Task prompt
Copy out the entire listing, keeping each line exactly as it is.

Dataset section
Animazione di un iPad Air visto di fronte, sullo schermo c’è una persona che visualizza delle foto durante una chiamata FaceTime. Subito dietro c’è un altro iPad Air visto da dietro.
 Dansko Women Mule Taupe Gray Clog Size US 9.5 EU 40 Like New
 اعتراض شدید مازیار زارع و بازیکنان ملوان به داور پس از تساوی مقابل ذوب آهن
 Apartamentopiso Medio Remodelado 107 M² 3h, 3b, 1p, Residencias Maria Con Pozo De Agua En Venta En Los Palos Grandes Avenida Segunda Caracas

Solution below
Animazione di un iPad Air visto di fronte, sullo schermo c’è una persona che visualizza delle foto durante una chiamata FaceTime. Subito dietro c’è un altro iPad Air visto da dietro.
 Dansko Women Mule Taupe Gray Clog Size US 9.5 EU 40 Like New
 اعتراض شدید مازیار زارع و بازیکنان ملوان به داور پس از تساوی مقابل ذوب آهن
 Apartamentopiso Medio Remodelado 107 M² 3h, 3b, 1p, Residencias Maria Con Pozo De Agua En Venta En Los Palos Grandes Avenida Segunda Caracas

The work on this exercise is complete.